Coming into this season, the Mets third base situation was the most concerning of all. With an off-season full of rumors about the Mets interest in adding a third baseman, they ended up with adding Villar in the mix.
During Spring the Mets also tried Jeff McNeil at third, with the possibility of having Guillorme play second. Unfortunately McNeil couldn’t correct flaws from his 2020 campaign, as the Mets gave McNeil the second base spot, were he looks more comfortable.
So, the Mets kept a combination of J.D. Davis, Luis Guillorme and Jonathan Villar, to be the Mets third base solution. So far they all have hit very well, but their defense has been a major concern. Even slick fielding Luis Guillorme has shown issues at third.
Let’s start with the talk of the moment: J.D. Davis. Davis committed three errors in the 2 games so far at Wrigley Field. In Tuesdays 3-1 loss, Davis committed two throwing errors and yesterday he booted a ground ball (which could have been a double play), for an extremely costly error as a 7 run inning followed.
This season Davis has had limited time and he already collected a minus 2 OAA. His succes rate on plays were at 69% while his estimated success rate is 84%. Showing he just doesn’t make the plays he should make.
Davis has the issue for his whole career. Over his career he has a combined minus 10 OAA at third base, which shows his lack of skills in the field.
So what is the solution? Is it Luis Guillorme the slick fielding player of the three. Unfortunately Guillorme hasn’t been what we expect from him at third as well.
Guillorme has collected a minus 2 OAA as well in limited time. This shows he is off to a horrendous start as well with the glove.
Yes Guillorme get the more difficult plays, so it seems like Davis his struggles are more major but Guillorme has a succes rate of just 43% with a 63% estimated success rate. That’s 20% lower, which is even worse than Davis at this point.
For the record, this isn’t me saying Davis is a better defender than Guillorme, because that’s obviously isn’t true. However, how great Guillorme is at the middle infield spots, he hasn’t been great at third. Over his career in the majors he has collected a minus 4 OAA at the position.

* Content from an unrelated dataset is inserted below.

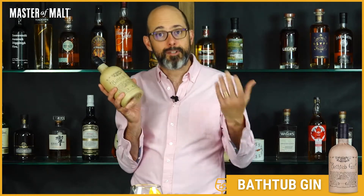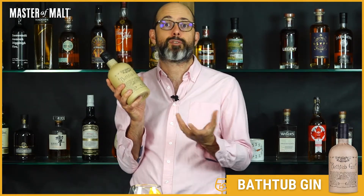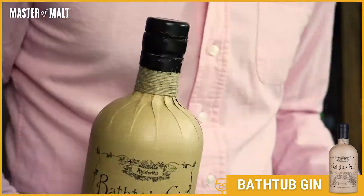This is Bathtub Gin — a citrusy, spicy, handcrafted gin. The hand-wrapped bottle is wax dipped and looks really cool. I love pulling it out when I have friends over because it gets people talking.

Guillorme is a great second baseman and in a perfect world, McNeil would be the third baseman and Guillorme the second baseman. I can’t fault Guillorme because it’s a position he isn’t accustomed too. However at this point 3B is the position he is asked to play.

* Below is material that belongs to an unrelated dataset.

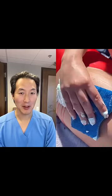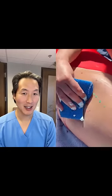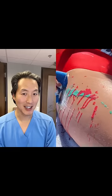They're applying some liquids and some foam, and here we go. Is the tattoo gone? It's gone!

We have one more on the 26 man roster who can play third and that’s Jonathan Villar. Villar has been the best of the three on defense so far, but he is clearly more of a bench player for this team.
Villar has collected a 82% succes rate at third with a 79% estimated success rate. The only of the three who collected more success rate than was estimated. Villar has an even 0 OAA, but again obviously a small samplesize. Before this season, the last time Villar played third was 2016, when he was atrocious at the position (-10 OAA).
Al of the three are hitting well so far. That makes the decision who to play even more tricky. In my opinion Villar is and should be a bench player. So it’s should be between Davis and Guillorme.
I have way more faith in Guillorme being able to handle the position but Davis does have the stronger and more powerful bat. In a perfect world we have the DH, but that is not the case right now.
Although Guillorme third base defense hasn’t been good in his MLB Career, he does have the skills to right his wrongs. He should be able to play the position at least average and if he is hitting like he is, he should get more playing time. JD should get playing time with the strikeout/flyball pitchers and Luis should het playing time with our Ground ball pitchers. And mix Villar in their occasionally is what I should do.
What would your solution to the third base issues be?